符號與象徵的辯證空間——朱麗婭·克里斯蒂瓦哲學述論 3

為了將無意識整合進語言理論,克里斯蒂瓦需要改造主體理論,使它能夠包容、利用意指過程的異質因素。她將主體發展成為所謂的「過程主體」(subjet en procés) 。這樣的「過程主體」理論是她著述的一個持續的主題,尤在其精神分析的實踐和體驗中得到充分的展露。

二、卑污、愛與主體的形成

克里斯蒂瓦對精神分析的介入帶給她一個方向性的改變,這一變化反映在她八、九十年代的寫作中。她撰寫了無數闡說以上主題的文章,1977年以《多元邏輯》(Polylogue)為名結集出版。此後她轉入對其私人經驗和藝術經驗的描述。這些經驗無論是她本人的還是她的分析對象如病號、詩人或作家的,都提供了對於社會和文化生活的一種深刻理解。在《恐怖的權力:論卑污》(Pouvoir de l』horreur, essai sur l』abjection, 1990)一書,克里斯蒂瓦將「卑污」(abjection)作為一個含糊不清的原點,它遠遠超出了個人或者社會進行理性把握的能力。通過「卑污」這個概念,她繼續展開她關於「過程主體」的論題,但更側重主體形成即由分離所帶來的種種問題,並追問其背後的決定性狀況。克里斯蒂瓦認為,象徵秩序之所以能夠成為象徵秩序,在於它對卑污威脅的禁阻。這一禁阻針對於母親的身體,既建立又破壞社會。它可以是弗洛伊德的亂倫禁阻,也可以是拉康對母親欲望/享樂 (jouissance)的禁阻,或者是克里斯蒂瓦的對「符號穹若」的禁阻。母親的身體是一種禁止入內的東西。

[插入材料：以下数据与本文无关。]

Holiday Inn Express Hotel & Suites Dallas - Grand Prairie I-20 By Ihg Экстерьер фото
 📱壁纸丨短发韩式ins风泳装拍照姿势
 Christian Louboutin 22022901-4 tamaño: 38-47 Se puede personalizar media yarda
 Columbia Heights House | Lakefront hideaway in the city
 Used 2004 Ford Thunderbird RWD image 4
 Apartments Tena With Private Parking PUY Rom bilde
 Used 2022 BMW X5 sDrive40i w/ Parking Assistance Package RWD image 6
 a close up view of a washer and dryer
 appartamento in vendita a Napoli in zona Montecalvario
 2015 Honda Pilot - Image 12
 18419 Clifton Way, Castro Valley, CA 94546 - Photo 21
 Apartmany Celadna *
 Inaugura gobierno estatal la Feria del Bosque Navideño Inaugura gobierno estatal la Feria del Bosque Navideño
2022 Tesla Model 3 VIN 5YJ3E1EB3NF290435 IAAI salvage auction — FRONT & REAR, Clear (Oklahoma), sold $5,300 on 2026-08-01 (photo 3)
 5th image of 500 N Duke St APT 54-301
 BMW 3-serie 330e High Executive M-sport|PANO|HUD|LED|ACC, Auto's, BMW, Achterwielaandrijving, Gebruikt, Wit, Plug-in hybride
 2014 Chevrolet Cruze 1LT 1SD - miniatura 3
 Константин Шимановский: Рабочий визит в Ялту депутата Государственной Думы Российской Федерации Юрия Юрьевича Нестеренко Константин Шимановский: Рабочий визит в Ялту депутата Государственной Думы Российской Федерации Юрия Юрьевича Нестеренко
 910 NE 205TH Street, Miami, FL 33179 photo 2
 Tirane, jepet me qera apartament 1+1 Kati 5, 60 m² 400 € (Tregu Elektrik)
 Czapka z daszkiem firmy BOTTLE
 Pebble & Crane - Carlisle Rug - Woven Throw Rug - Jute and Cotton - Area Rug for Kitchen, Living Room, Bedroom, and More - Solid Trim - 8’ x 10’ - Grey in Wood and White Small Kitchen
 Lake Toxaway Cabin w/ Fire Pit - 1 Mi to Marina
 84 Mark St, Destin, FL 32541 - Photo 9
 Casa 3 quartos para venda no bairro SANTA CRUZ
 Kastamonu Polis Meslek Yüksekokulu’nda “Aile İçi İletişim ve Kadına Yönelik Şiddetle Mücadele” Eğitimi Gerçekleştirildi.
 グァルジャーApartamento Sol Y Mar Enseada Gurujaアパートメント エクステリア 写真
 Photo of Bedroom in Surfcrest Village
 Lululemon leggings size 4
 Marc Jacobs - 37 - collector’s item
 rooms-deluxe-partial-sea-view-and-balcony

雅克·拉康(Jacques Lacan1901-1981

原始的快樂衝動與母親的身體相關聯,並威脅象徵。它要揭開那導向理性或意識之統一表象的過程。它要將統一暴露為統一與碎裂交替出現和反覆衝動這一過程之僅僅的一個時刻。克里斯蒂瓦說,這就是為什麼必須將母親的身體變成「卑污的」,因為只有這樣孩子才能成長為一個恰適的主體。卑污不是一個客體,不是一個與自我相關聯的東西。可它具有客體的一個屬性,即與主格「我」(I)相對立的屬性。卑污就是令人噁心的東西,它讓你直想嘔吐,它位處邊界但並不尊重邊界。它自身很難說具有某種確定的質,而毋寧是與邊界的一種關係,代表被拋出那一邊界的某物。卑污威脅着身份:既非善亦非惡,既非主體亦非客體,既非自我亦非無意識,而是威脅這一切確定劃界的某物。

克里斯蒂瓦以出生事件作為原型的卑污經驗。在人出生的那一剎那,其主體身份受到最激烈的質疑。誰能確定地說出在臍帶被切斷之前究竟是一個還是兩個主體?出生事件標記了難以界定的邊界以及因此而帶來的卑污。尚未成為主體,也不能是客體,卑污與原古性的母親是一體的。而後才是客體,從母親的體內被排出,即成為被拋出來的客體。於是母親的權威就調控着那清晰而確定的自我的邊界以及口腔和肛門衝動的邊界。現在是食物,而不再是身體,被送入口中;是糞便,而不再是身體,被排出肛門。克里斯蒂瓦發現,無論主體或社會均須依賴於象徵,依賴於對這一母親權威的抑制。正是在這一點上,克里斯蒂瓦給精神分析理論帶來了新鮮的洞識。她重新闡釋了父親功能和母親功能的邊界,並突出了其問題之所在。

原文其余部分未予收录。